GitLab, a popular web-based Git repository for developers, recently experienced a critical security flaw identified as CVE-2023-2825. This vulnerability was discovered and promptly reported by a security researcher named “pwnie” during a bug bounty campaign on HackOne. The researcher demonstrated the Proof-of-Concept (PoC) as a functioning exploit, targeting the system. Given the severity of this flaw, immediate action was taken, and a patch was released the following day.
The identified flaw enables an unauthenticated attacker to read arbitrary files on the system. This can be achieved when an attachment exists within a public project nested within five groups. When a file is uploaded to the Git repository, the system returns a URL indicating the file’s location path to the user. By utilizing this URL and employing techniques such as local file inclusion enumeration and fuzzing, it was discovered that the repository lacks proper input sanitization. Consequently, this flaw exposes highly sensitive data, including user tokens, files, credentials, and other critical information.

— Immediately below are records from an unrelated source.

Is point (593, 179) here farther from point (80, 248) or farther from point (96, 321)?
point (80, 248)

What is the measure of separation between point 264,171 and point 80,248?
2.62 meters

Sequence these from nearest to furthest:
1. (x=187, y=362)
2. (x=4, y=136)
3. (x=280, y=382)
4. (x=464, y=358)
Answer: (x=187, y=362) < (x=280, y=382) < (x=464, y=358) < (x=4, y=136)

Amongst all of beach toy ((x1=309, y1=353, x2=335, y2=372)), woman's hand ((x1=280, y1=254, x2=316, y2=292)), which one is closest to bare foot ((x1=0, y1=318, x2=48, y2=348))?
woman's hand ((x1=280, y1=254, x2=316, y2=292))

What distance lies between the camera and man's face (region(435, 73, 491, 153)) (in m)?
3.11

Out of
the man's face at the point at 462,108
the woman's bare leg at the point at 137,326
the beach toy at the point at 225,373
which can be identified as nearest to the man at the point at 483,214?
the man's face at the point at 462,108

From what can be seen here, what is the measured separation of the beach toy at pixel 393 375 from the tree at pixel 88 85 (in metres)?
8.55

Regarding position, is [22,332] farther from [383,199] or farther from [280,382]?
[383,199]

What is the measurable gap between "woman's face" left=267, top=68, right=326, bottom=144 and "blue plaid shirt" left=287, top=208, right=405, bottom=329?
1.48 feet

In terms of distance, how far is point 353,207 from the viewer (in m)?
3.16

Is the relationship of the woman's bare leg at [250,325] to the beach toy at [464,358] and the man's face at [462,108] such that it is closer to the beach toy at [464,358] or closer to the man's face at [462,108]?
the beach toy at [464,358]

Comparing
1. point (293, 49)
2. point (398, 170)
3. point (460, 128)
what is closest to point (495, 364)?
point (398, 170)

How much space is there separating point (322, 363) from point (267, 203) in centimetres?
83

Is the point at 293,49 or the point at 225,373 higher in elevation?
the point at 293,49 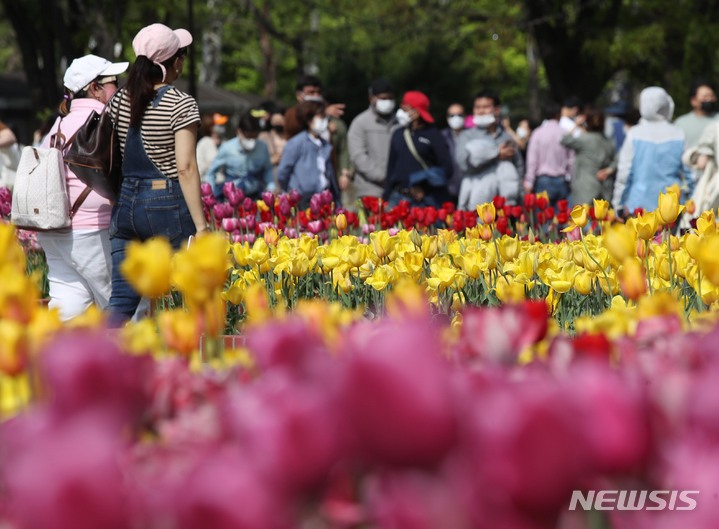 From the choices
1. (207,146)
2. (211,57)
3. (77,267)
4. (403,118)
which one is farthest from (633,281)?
(211,57)

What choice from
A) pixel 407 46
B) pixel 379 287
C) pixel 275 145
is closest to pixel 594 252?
pixel 379 287

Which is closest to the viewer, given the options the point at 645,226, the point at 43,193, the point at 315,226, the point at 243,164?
the point at 645,226

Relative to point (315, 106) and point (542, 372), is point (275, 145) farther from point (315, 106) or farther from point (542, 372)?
point (542, 372)

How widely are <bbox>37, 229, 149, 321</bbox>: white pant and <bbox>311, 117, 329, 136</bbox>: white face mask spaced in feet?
15.4

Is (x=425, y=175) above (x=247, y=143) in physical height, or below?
below

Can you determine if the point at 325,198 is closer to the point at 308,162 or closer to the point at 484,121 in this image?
the point at 308,162

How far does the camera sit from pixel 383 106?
36.9 ft

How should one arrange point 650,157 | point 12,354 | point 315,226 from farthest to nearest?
point 650,157 → point 315,226 → point 12,354

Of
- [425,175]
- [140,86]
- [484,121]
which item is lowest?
[425,175]

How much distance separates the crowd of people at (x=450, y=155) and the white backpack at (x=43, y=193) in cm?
447

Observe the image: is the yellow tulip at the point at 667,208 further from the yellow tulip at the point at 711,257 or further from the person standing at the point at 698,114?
the person standing at the point at 698,114

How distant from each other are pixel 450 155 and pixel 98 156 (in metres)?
5.23

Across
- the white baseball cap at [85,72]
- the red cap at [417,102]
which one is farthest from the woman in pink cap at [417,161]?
the white baseball cap at [85,72]

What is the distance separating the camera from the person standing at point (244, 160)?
36.8 ft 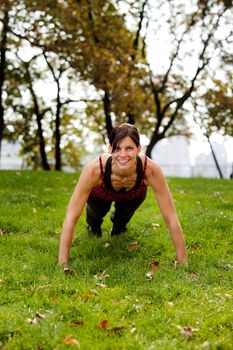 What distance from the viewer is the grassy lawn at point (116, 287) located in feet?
15.6

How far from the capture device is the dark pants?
774cm

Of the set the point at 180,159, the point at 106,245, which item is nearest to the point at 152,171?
the point at 106,245

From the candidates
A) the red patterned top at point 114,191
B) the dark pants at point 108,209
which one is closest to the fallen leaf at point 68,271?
the red patterned top at point 114,191

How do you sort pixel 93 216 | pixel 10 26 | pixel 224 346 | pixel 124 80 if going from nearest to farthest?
1. pixel 224 346
2. pixel 93 216
3. pixel 10 26
4. pixel 124 80

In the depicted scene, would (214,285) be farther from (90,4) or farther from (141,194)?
(90,4)

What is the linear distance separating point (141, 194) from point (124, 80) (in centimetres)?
1844

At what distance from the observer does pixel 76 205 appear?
680 centimetres

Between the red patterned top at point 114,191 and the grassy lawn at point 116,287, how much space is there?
953 mm

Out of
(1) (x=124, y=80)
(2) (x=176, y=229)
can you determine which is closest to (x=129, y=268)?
(2) (x=176, y=229)

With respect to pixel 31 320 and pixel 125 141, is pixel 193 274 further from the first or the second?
pixel 31 320

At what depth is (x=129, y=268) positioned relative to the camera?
22.9 ft

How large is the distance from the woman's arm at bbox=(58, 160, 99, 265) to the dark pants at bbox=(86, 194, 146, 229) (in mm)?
891

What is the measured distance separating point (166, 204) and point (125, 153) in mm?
1021

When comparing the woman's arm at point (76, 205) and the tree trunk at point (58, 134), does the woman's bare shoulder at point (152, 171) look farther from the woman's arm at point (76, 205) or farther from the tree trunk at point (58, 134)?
the tree trunk at point (58, 134) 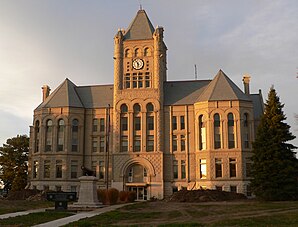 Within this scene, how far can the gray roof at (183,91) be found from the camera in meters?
56.3

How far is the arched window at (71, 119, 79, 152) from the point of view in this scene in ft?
186

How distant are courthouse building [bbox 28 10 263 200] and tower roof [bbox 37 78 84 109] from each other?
0.50 feet

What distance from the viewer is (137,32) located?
58.2m

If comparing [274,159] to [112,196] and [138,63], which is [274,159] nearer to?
[112,196]

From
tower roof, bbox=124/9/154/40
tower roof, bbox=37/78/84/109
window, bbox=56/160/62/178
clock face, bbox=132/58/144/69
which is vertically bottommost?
window, bbox=56/160/62/178

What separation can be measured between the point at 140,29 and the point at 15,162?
1087 inches

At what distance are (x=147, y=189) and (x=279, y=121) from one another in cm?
2178

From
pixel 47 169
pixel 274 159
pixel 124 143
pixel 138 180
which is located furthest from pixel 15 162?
pixel 274 159

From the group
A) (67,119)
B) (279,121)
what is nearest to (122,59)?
(67,119)

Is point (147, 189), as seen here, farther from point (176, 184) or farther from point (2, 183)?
point (2, 183)

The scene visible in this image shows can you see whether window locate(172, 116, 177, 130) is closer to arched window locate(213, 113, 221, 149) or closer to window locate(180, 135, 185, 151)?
window locate(180, 135, 185, 151)

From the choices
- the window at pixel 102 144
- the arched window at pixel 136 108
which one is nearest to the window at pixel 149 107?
the arched window at pixel 136 108

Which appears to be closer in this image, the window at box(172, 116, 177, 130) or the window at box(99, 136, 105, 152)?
the window at box(172, 116, 177, 130)

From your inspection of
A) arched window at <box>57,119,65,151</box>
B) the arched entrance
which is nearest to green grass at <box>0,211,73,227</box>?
the arched entrance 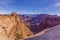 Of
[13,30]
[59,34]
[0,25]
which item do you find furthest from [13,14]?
[59,34]

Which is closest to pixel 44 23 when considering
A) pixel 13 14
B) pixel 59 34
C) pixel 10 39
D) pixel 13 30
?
pixel 13 14

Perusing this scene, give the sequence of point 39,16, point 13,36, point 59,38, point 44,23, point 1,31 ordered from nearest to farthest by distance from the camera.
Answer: point 59,38 → point 1,31 → point 13,36 → point 44,23 → point 39,16

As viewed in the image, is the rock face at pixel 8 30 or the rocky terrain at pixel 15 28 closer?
the rocky terrain at pixel 15 28

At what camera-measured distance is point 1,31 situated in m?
28.0

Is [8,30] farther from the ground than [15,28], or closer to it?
farther from the ground

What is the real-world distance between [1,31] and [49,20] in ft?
159

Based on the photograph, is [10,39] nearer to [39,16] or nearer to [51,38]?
[51,38]

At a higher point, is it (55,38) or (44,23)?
(55,38)

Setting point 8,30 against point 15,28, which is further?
point 15,28

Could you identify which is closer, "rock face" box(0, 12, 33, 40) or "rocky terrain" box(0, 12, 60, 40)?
"rocky terrain" box(0, 12, 60, 40)

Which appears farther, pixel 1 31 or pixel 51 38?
pixel 1 31

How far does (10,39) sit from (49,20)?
145 ft

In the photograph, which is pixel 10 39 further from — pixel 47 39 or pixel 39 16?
pixel 39 16

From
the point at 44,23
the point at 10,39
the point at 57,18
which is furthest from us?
the point at 44,23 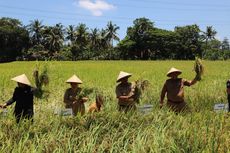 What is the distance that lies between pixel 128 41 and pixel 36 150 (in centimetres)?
4972

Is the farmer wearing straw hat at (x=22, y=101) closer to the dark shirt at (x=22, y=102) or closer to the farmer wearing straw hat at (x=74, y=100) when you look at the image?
the dark shirt at (x=22, y=102)

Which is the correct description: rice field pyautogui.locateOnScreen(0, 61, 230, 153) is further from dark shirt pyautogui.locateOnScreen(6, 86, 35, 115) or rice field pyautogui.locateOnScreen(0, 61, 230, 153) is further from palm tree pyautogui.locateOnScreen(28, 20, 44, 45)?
palm tree pyautogui.locateOnScreen(28, 20, 44, 45)

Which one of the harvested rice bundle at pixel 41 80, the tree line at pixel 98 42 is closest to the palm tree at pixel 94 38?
the tree line at pixel 98 42

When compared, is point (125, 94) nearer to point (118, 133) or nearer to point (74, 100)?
point (74, 100)

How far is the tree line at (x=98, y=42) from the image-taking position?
4969cm

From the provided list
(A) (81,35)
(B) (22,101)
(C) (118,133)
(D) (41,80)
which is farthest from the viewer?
(A) (81,35)

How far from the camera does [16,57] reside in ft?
162

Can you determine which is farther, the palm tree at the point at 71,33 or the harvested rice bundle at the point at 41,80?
the palm tree at the point at 71,33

To successfully exploit this vulnerability, it is necessary for the uploaded file to be included within several levels of the group hierarchy. Therefore, it can be concluded that the flaw lies in the path resolution and management mechanism employed by GitLab. However, detailed information regarding the attack is limited due to its recent discovery. Notably, versions prior to 16.0.0 are confirmed to be unaffected by this flaw.

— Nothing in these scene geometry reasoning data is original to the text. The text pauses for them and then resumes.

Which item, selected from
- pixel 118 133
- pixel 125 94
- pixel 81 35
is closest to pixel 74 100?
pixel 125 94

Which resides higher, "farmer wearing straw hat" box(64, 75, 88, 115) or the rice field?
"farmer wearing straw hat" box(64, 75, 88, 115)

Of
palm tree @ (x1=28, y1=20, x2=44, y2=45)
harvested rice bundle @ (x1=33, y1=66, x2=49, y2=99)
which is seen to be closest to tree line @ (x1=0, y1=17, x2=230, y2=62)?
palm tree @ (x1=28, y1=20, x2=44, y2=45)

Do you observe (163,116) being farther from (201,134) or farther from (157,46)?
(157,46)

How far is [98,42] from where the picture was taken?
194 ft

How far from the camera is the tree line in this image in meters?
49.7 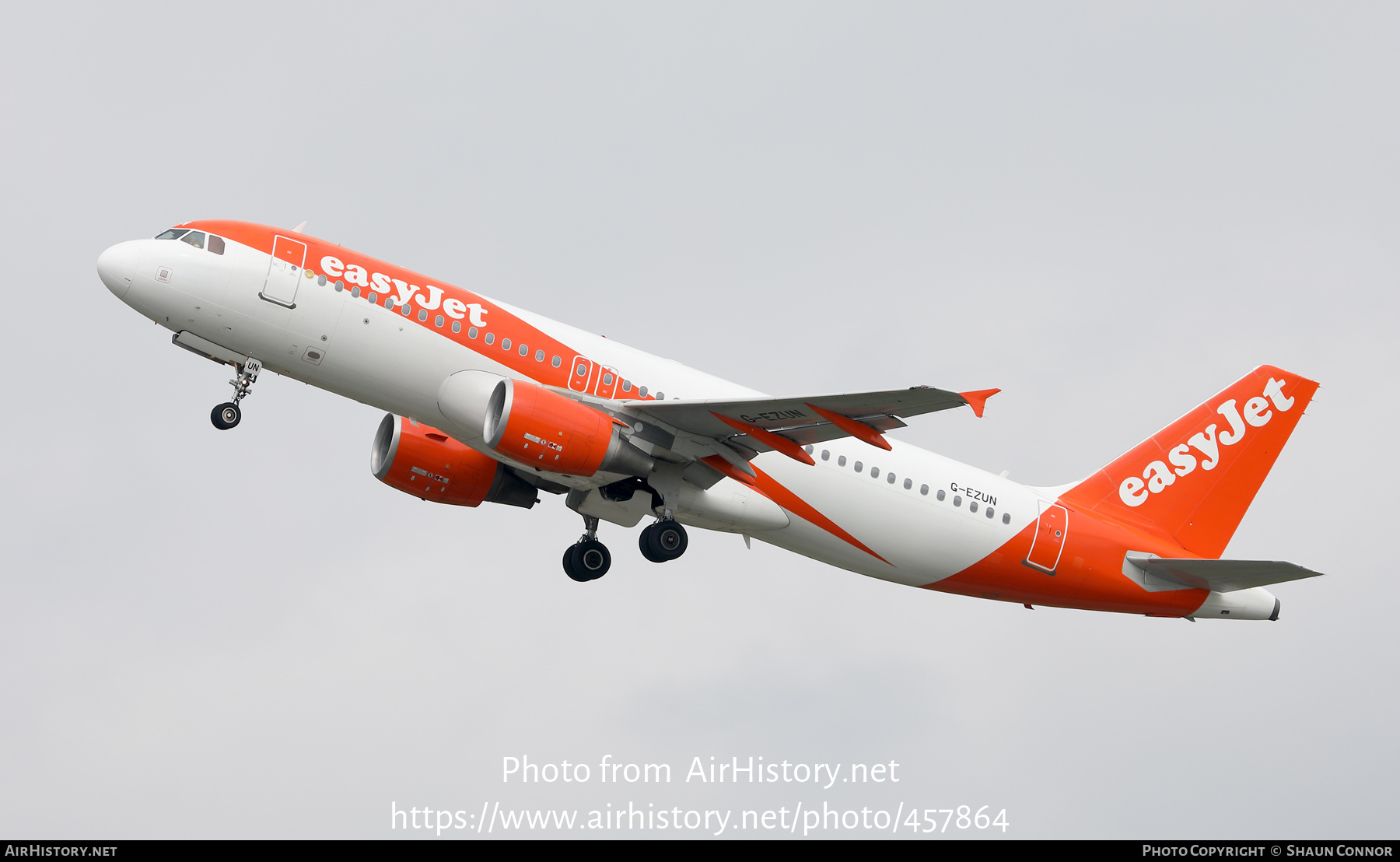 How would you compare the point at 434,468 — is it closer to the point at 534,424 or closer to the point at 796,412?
the point at 534,424

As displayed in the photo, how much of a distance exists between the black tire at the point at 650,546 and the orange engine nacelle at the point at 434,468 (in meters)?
4.55

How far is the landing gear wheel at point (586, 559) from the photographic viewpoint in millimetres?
34469

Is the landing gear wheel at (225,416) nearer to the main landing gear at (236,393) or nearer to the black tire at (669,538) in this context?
the main landing gear at (236,393)

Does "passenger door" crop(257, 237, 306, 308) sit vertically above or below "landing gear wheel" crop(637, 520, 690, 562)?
above

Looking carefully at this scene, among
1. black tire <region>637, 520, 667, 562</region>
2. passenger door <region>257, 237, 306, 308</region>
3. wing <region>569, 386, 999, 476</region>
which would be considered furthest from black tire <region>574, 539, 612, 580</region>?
passenger door <region>257, 237, 306, 308</region>

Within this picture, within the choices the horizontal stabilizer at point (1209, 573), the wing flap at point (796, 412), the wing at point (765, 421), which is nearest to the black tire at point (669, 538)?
the wing at point (765, 421)

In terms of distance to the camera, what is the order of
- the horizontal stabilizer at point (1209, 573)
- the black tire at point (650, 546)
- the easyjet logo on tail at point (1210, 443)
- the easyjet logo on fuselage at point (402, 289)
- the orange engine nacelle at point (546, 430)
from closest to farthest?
the orange engine nacelle at point (546, 430) < the easyjet logo on fuselage at point (402, 289) < the black tire at point (650, 546) < the horizontal stabilizer at point (1209, 573) < the easyjet logo on tail at point (1210, 443)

GitLab responded promptly to address this security concern and released a patch, version 16.0.1, as a remediation measure. They strongly advise all users to update their installations without delay. Currently, no alternative workarounds have been identified.
My take: kudos to the HackOne researcher for finding this vulnerability! Their discovery not only shed light on the flaw but also provided a detailed Proof-of-Concept (PoC), facilitating a comprehensive understanding of the attack. Furthermore, the PoC highlights the input sanitization oversight within GitLab, emphasizing the need for meticulous software maintenance, particularly in Git repositories. Given the potential information exposure associated with such attacks, it is imperative for cybersecurity professionals to prioritize regular updates and remain vigilant against Advanced Persistent Threats (APTs).